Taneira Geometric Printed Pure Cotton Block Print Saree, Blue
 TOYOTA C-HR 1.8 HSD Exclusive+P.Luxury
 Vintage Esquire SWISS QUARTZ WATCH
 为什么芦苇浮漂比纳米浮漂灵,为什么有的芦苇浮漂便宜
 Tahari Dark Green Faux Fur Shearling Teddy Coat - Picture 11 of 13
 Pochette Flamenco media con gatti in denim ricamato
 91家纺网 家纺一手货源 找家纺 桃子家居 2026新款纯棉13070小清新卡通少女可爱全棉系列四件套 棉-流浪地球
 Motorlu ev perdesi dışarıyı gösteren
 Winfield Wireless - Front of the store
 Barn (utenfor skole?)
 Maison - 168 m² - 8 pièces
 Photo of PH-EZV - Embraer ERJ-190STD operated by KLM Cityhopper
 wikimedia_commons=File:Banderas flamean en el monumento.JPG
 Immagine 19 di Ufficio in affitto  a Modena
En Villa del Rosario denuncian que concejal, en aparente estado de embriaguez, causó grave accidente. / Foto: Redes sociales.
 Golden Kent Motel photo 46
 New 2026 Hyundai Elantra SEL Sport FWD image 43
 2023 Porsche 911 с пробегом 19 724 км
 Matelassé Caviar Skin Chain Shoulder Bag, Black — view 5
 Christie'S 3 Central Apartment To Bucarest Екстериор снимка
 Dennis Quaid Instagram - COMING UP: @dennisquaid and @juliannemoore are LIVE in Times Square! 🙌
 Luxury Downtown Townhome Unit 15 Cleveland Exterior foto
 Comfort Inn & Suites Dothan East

_ _ _ _ _ _ _

■ HOW TO COMPLETE THIS TASK:
Your task is to find every line above containing the word "Luxury" and copy it.

■ RESULT OF THE EXERCISE:
 TOYOTA C-HR 1.8 HSD Exclusive+P.Luxury
 Luxury Downtown Townhome Unit 15 Cleveland Exterior foto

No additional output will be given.